Monday, March 12, 2007

Go, Dog. Go! What up, dog?

Posted by Curt Holman on Mon, Mar 12, 2007 at 3:38 PM

Sunday I took my daughter to see the Alliance Children's Theatre's Go, Dog. Go! It may be a speedy, splashy staging of P.D. Eastman's famous children's book, but I suspect that the production contains deeper implications, particularly on the local level. The observation "The yellow dog is down" seems to strongly echo the current political prospects of Georgia's Democrats. And the dehumanization and materialistic futility of automotive commuting is neatly captured by the spectacle of dogs driving in cars, accompanied by the questions, "Why are they going fast in those cars? What are they going to do? Where are those dogs going?" Where, indeed? Maybe we're all just dogs driving in cars.

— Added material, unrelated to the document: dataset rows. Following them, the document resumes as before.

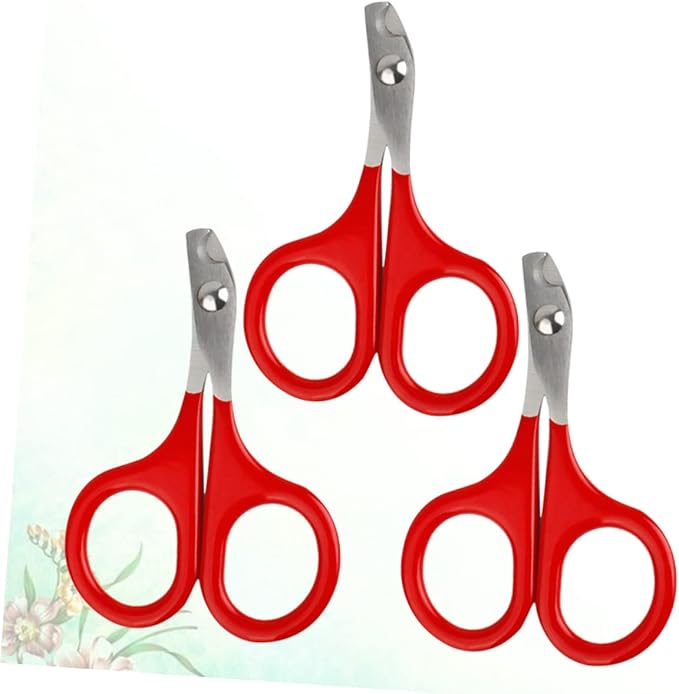 Beaupretty 9pcs Dog Cat Nail Clippers Pet Nail Care Tool Stainless Steel Grooming Scissors Comfort Grip Bend Cut Trimmer for Home Pet Salon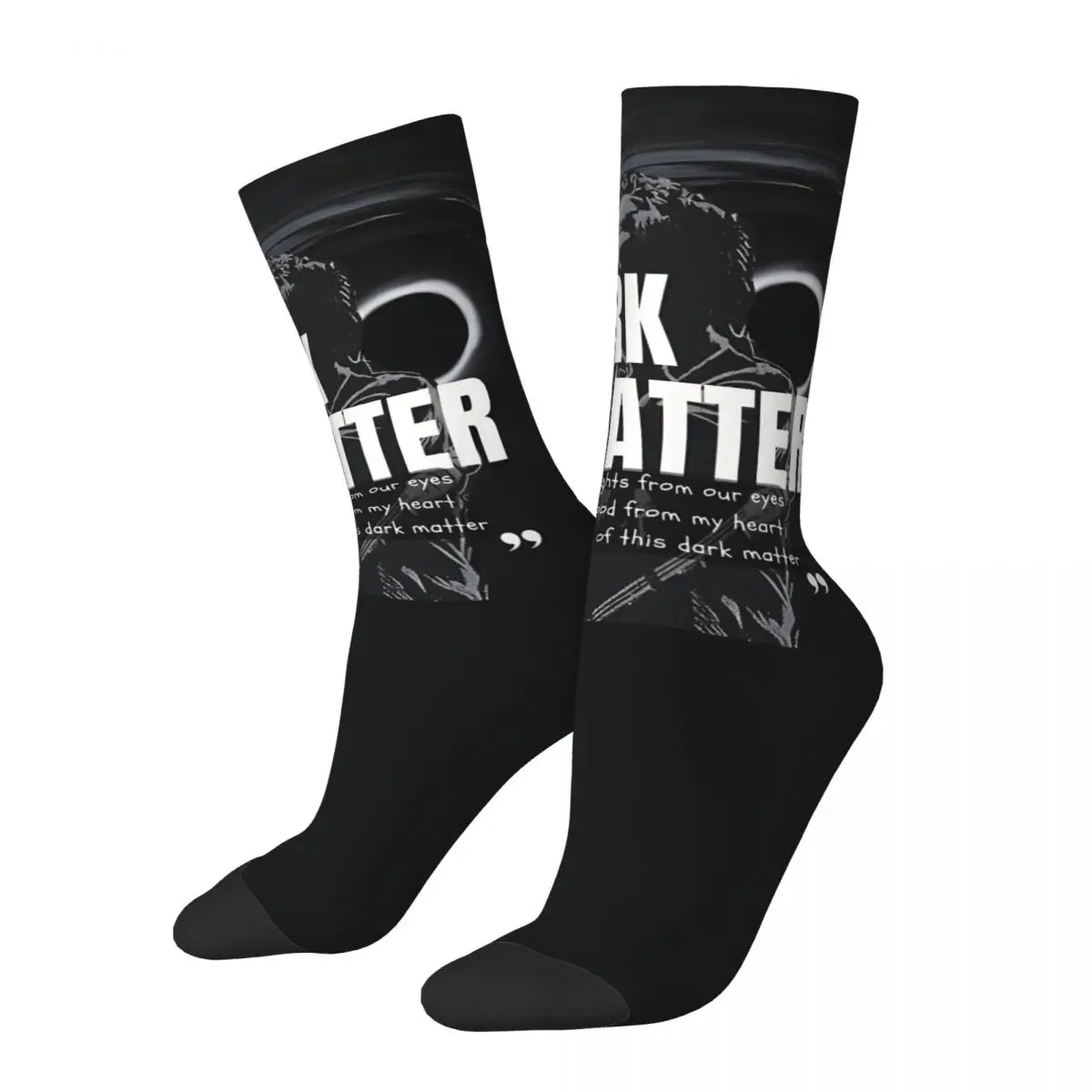 Track Lyrics Men's Socks Vintage Harajuku Pearl Jam Street Style Novelty Seamless Crew Sock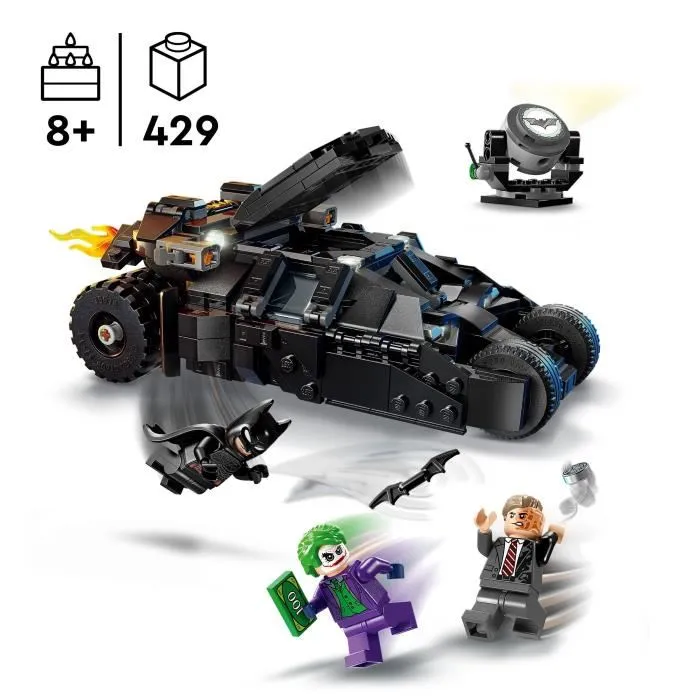 Lego - Batmobile Tumbler de Batman contre Double-Face et Le Joker - Jeu de construction 76303 avec 3 minifigurines - Jouet pour enfants à partir de 8 ans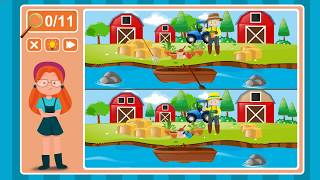 Viki Spotter: The Farm, Level 6 Walkthrough, 1080p/60FPS.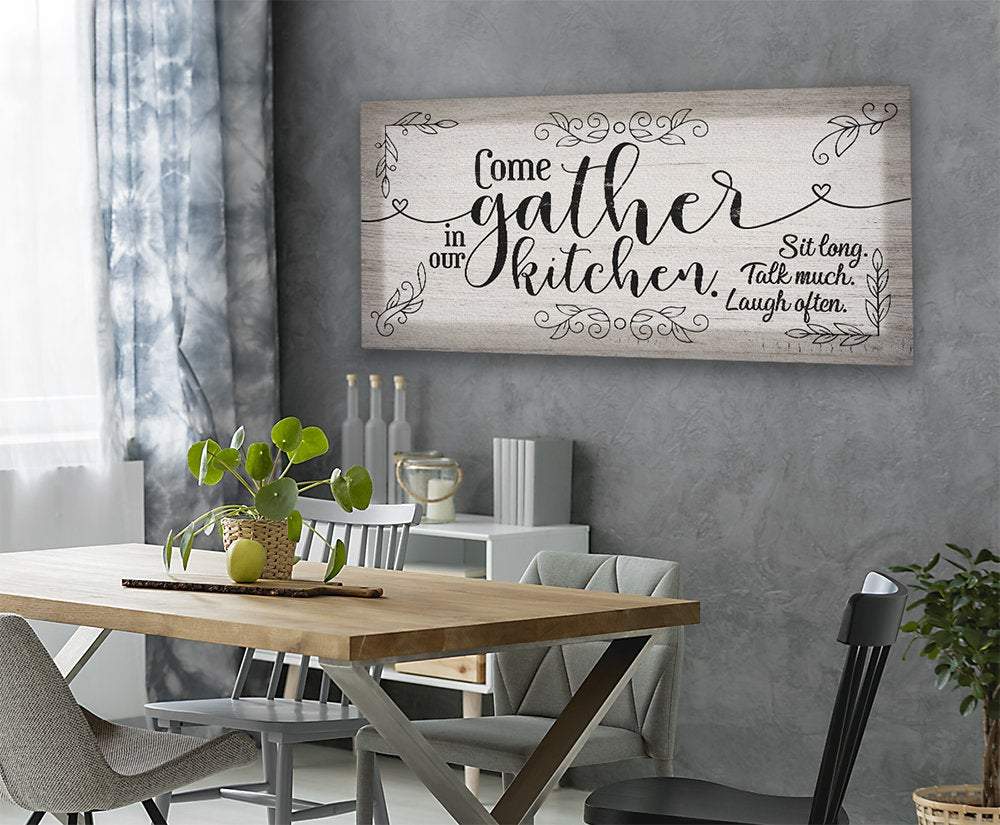 Come Gather - Canvas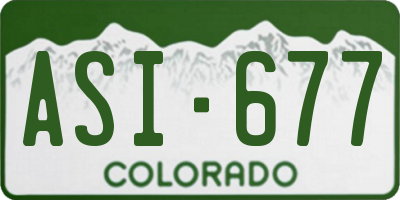 CO license plate ASI677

There's no plot, except for the recurring question as to whether Hattie the poodle (Courtney Patterson) will ever wear a hat that McDog (Chris Ensweiler) will actually like. Viewed on a strictly superficial level, Go, Dog. Go! proves highly satisfying, since it's got such great surfaces. The props are appropriately cartoonish and the floor of the set even evokes a Monopoly board. Dressed in costume designer Sydney Roberts' primary-colored overalls, the show's six dogs work, play and demonstrate opposites such as up vs. down. Directed by Rosemary Newcott, the show features choreographed movements and energetic, silent movie-style physical comedy, and some sections, like the rhythmic, percussion-heavy "Work, dogs, work!" sequence, resembles Stomp for kids. And given its imagery of the mixed race cast, or "white dogs and black dogs," cheerfully cooperating, Go, Dog. Go! presents a pleasing display of racial togetherness — that doesn't require serious thematic analysis.